Tokyo's long-simmering territorial rows with Beijing and Seoul may further escalate with none of the countries willing to budge. Diplomatic friction between Japan and its neighbours is also likely to increase after its leader Shinzo Abe's visit to a controversial war shrine in Tokyo last week.
The US is expected to reinforce its strategic shift toward Asia, which could further aggravate tension with China. Beijing suspects that Washington seeks to encircle it militarily through a closer-knit network of its allies and other partners.
Experts are calling on the concerned nations to exercise more restraint and prudence and enhance communications both bilaterally and multilaterally to promote regional stability ― and to preserve Asia's economic vibrancy.
"2014 could be a very interesting year, and a year very difficult to predict. We can certainly hope to avoid the worst developments, though we need to be preparing for them because they could still happen," said Bruce Bennett, a senior defence analyst at the RAND Corporation.
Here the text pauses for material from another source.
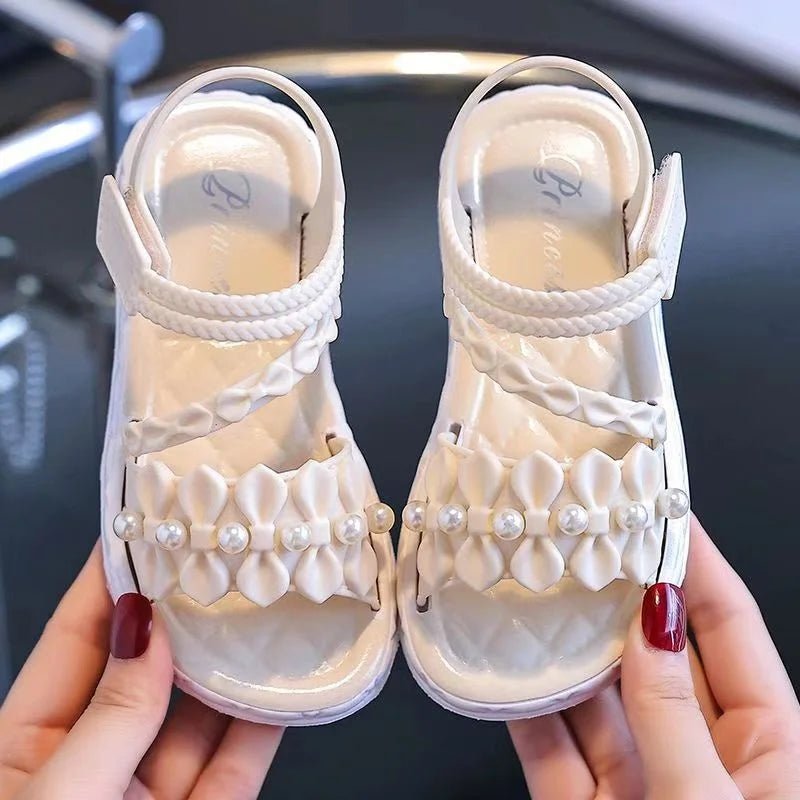 2025 brand-new eco-friendly material girls' sandals, summer fashion, elegant and versatile, children's princess shoes, summer st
"If South Korea and the US are not better prepared for North Korean attacks on the ROK (Republic of Korea), North Korean collapse, Korean unification or Chinese intervention into North Korea, the consequences could be very serious."
Above all, the Sino-Japanese relationship will be a crucial variable when it comes to regional security.
"A game of chicken has been unfolding, with China and Japan stuck in their territorial dispute over the East China Sea islets. Limited armed clashes could occur between them," said Nam Chang-hee, a security expert at Inha University.
"But the US may reaffirm its security commitment to the region as part of its pivot to Asia and seek to ease tension between the two countries."